In one respect, the further we are removed from Vatican II, the better off we shall be. Many Catholics still look upon theology as an endless battle between liberals and conservatives. But this makes the theological enterprise all too easy, in an illusory sort of way. The liberal reads his kind of theologian (often in "digest" form) and accepts the conclusions uncritically (in much the same way as the conservative Catholic of an earlier period would have devoured the textbooks on ethics and natural theology). Meanwhile, a certain type of conservative attends, or approvingly reads about, various conventions to hear the whole process of church renewal reduced to a communist plot. They are, I suppose, the first "death-of-the-Holy-Spirit-theologians" in our time.

So long as we perpetuate these categories, theological understanding will remain an elusive prize for both sides. For as matters stand now, some conservative Catholics will dismiss everything written by a Gregory Baum or a Hans Küng, and some of the more liberally-oriented Catholics will not hear of transcendence, or conciliar definitions, or Pope Pius XII. The tragedy is that there is a far larger group of Catholics who cannot work up any enthusiasm for the prejudices of either group and thereby concludes that theology is simply "beyond" them.

What distinguishes good theology from bad theology -- apart from its fundamental relationship to faith and the Christian community -- is the competence of the theologian, and not his "liberalism" or his "orthodoxy." Before we invest our valuable time and money in his work, we are entitled to question his academic credentials.

Does his work give evidence of thorough research, or is it simply popularization twice-removed from its original source? Are his conclusions pre-formed (and, therefore, always predictable), or are they shaped only by objective study and reflection? Is his starting-point the Bible and the church's reflection on her biblical faith in the light of the contemporary situation, or is it simply the writings of four or five European theologians currently in vogue?

Is it theology done in the service of the whole church, or is it a kind of polemic against brother Christians, both inside and outside the Catholic church? Is his work well-received by other reputable theologians, again, both inside and outside the Catholic community?

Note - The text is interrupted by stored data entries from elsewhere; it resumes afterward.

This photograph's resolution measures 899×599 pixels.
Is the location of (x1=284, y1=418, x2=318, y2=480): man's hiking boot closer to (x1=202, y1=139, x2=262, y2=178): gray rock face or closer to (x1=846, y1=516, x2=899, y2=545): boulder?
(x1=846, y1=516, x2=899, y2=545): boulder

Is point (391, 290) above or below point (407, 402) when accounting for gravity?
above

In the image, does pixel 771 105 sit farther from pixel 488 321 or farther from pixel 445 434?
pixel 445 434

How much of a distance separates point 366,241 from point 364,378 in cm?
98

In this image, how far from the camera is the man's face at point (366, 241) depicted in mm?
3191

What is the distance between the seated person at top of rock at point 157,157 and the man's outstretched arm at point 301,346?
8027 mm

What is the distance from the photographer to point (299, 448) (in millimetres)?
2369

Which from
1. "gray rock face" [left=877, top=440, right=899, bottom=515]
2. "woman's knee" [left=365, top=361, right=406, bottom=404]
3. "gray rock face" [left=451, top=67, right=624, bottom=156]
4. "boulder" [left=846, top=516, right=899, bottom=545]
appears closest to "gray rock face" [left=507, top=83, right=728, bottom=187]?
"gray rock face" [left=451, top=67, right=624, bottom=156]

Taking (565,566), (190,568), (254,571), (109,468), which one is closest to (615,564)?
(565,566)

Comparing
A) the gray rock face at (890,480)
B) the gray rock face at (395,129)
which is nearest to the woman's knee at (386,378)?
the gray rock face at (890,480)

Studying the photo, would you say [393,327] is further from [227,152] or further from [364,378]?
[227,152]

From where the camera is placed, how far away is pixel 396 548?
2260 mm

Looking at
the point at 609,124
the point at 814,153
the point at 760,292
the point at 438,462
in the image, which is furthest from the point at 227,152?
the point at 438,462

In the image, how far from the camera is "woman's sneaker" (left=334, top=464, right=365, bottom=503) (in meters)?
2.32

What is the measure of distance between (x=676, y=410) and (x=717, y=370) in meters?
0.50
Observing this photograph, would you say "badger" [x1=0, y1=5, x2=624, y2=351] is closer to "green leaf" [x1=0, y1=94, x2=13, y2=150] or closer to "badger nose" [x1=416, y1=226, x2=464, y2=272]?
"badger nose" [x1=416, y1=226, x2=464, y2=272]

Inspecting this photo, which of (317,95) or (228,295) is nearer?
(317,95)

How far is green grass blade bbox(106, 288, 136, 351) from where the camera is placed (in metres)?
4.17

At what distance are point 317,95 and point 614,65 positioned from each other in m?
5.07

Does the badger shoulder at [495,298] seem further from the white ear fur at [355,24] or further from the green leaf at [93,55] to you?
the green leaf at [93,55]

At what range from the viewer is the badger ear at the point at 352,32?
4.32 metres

Is he disciplined enough to endure the long hours of study and meditation and writing and rewriting, or does he abandon his desk all too often to move from one discussion group (or lecture, or convention, or forum) to another as if in outright defiance of the law of diminishing returns?

These are not idle questions. Theology is the servant of faith. A theology superficially done means a faith poorly served. And this principle applies not only to the professional theologian, but also to every Christian the moment he or she begins to ask the question: "What does this doctrine mean?" Or: "What does the Gospel demand in this situation?" At that point the Christian is involved in theology. It is important for himself and for the church that it be good theology.

Unfortunately, the price of "good theology" is higher than many Catholics are willing or able to pay. Reading is essential. Discussion is important, but discussion without personal study beforehand can easily degenerate into a program of "shared ignorance." And more important, finally, than both reading and discussion is the actual implementation of theological insights. The Christian who will not live the Gospel cannot hope to understand it.

[Fr. Richard McBrien is the Crowley-O'Brien professor of theology at the University of Notre Dame, Ind.]